Based on the foregoing amounts, the total child support owed for the period from January 1, 2014, to May 31, 2016 is $204,227. The payor spouse had been paying $3,500 per month for child support from June 2014 to March 2016, for a total of $77,000 ($3,500 x 22 months) plus additional amounts totalling $11,000. He was therefore entitled to a credit of $88,000 to the end of May 2016.  After crediting him with this amount, he owed net child support in the amount of $116,227. The court also ordered that he was required to pay temporary child support in the amount of $6,265 per month from the date of the interim order onward, pending the trial of the proceeding.

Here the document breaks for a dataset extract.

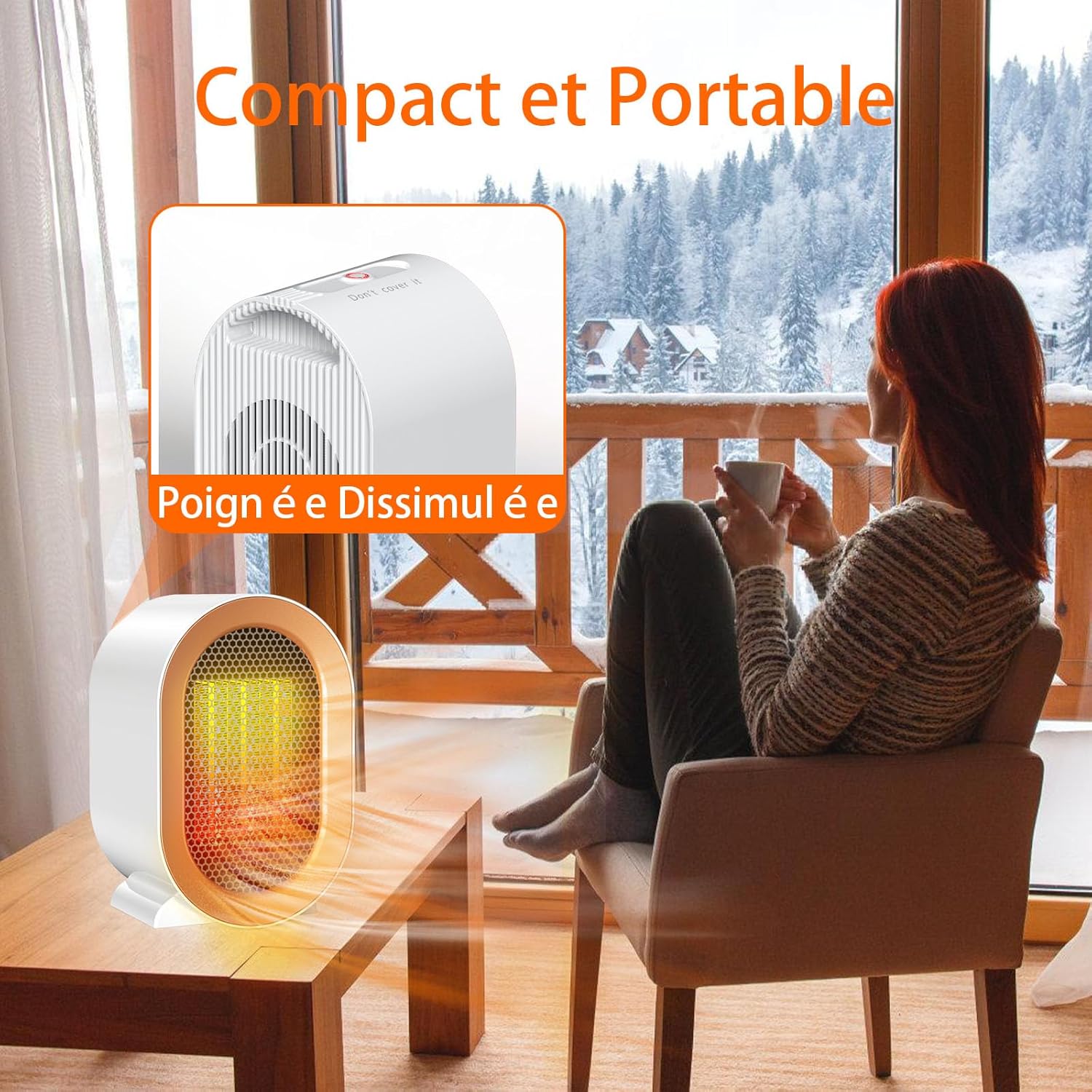 Chauffage d'appoint, 1200W Radiateur Soufflant à Éco, Chauffage Electrique Céramique PTC, 2 Modes, Protection Anti-Basculement et Anti surchauffe pour Bureau, Maison Bleu 1210w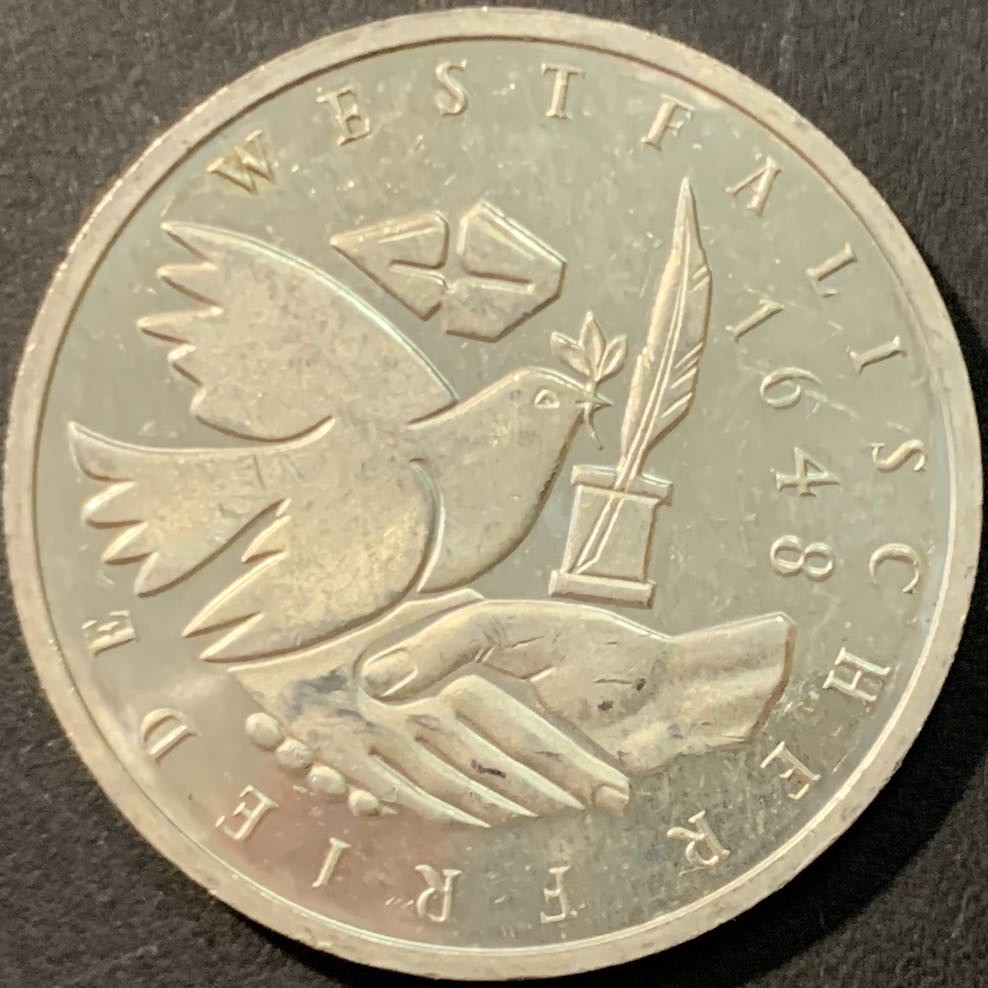 紫瑗钱币—微拍第80期  德国 1998年 J厂 威斯特法伦350周年 10马克 15.5克 0.925银 UNC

The bottom line on calculating income for child support where income fluctuates

The Federal Child Support Guidelines establish the framework for calculating income for child support. Where the payor spouse’s income fluctuates from year to year, s. 17 allows the court to average income over the previous three years. In Surana, averaging was found to be fair pending the trial of the proceeding and given the reason for the fluctuation in income. However, the appropriateness of the averaging approach is fact-specific and there is nothing in the language of the Guidelines that requires the use of averaging in calculating income for child support. This makes sense, as one of the goals of the Guidelines is the fair determination of the amount available to pay child support. Fairness would not be achieved by the mechanical application of averaging.